Tous ces problèmes nous contrarient et nous occasionnent des douleurs de l’épaule, avec des symptomatologies différentes et parfois aux phénomènes douloureux s’ajoutent une gène fonctionnelle.
L’atteinte de la coiffe des rotateurs est souvent la grande responsable et les tendinites peuvent êtes récurrentes, elles sont la conséquence souvent dues à un conflit acromio claviculaire avec une atteinte des muscles rotateurs de l’épaule.
Comment retrouver la mobilité de l’épaule ?
La prise en charge en kinésithérapie est essentielle. La rééducation de l’épaule peut s’effectuer en salle ou en piscine. Dans un premier temps, il est important de redonner de la mobilité articulaire et de solliciter les muscles en douceur et ceci le plus tôt possible.
Dans un second temps, il faudra s’intéresser à la stabilité de l’épaule. Au départ, il est nécessaire de diminuer l’inflammation, massages, repos, glace,
électrostimulation avec les courants antalgiques et TENS, ou des ultrasons pour soulager la douleur.
Les étirements progressifs permettront un retour à la souplesse. Parallèlement, il est souvent associé un traitement médicamenteux associant les antalgiques et les anti-inflammatoires prescrits par un médecin.
Lorsqu’il n’y a plus d’inflammation, place au mouvement en recherchant une meilleure amplitude, les exercices choisis seront doux et progressifs.
Ils pourront être effectués chez le kiné ou à la maison.
La rééducation des pathologies des parties molles nécessite en général une vingtaine à une trentaine de séances, à raison de deux séances par semaine.
Une fois que la personne a bien compris le geste, il faut entretenir la mobilité à la maison et refaire les mouvements appris chez le kiné qu’elle effectue deux ou trois fois par semaine chez elle.
Mais la rééducation peut être beaucoup plus longue dans certains cas comme celui de la capsulite rétractile.

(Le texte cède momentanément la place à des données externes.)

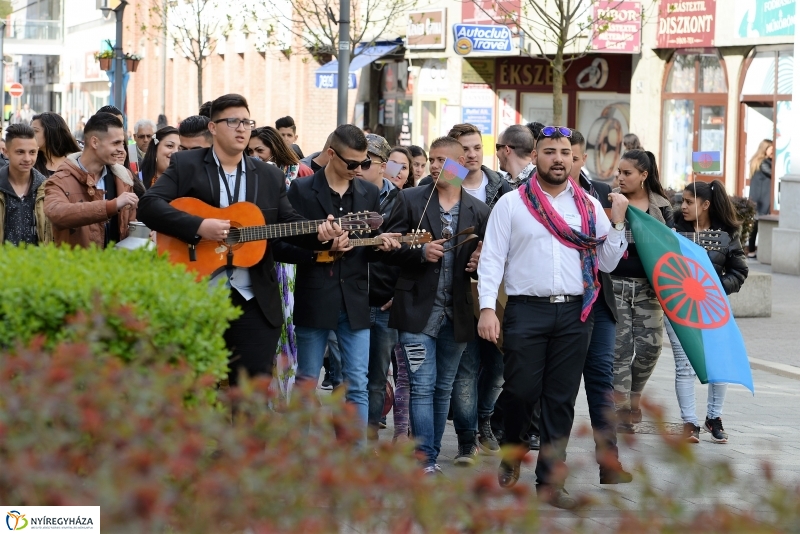 Nemzetközi Roma Nap-Flashmob a Kossuth téren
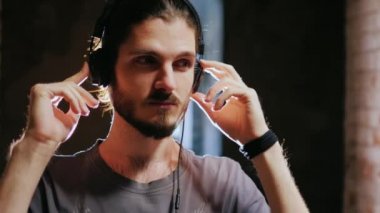 Genç hippi müzik bir sakallı adam. Tuğla duvarlar Rüzgar yavaşça saç hışırdar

Il faut parfois attendre de six mois à un an avant de pouvoir à nouveau bouger son bras et un an pour que la récupération soit totale.
Mais la vigilance reste de mise, et n’oubliez pas que la prévention devra s’intéresser à éviter tous les gestes dangereux.
Pour prévenir les récidives, il faudra aménager, faciliter les mouvements au travail, et mettre tous les moyens en œuvre pour éviter toutes récidives.
Pour un résultat optimal, la personne présentant une pathologie tendineuse doit participer de façon active à son traitement en reproduisant à la maison les exercices enseignés par son praticien.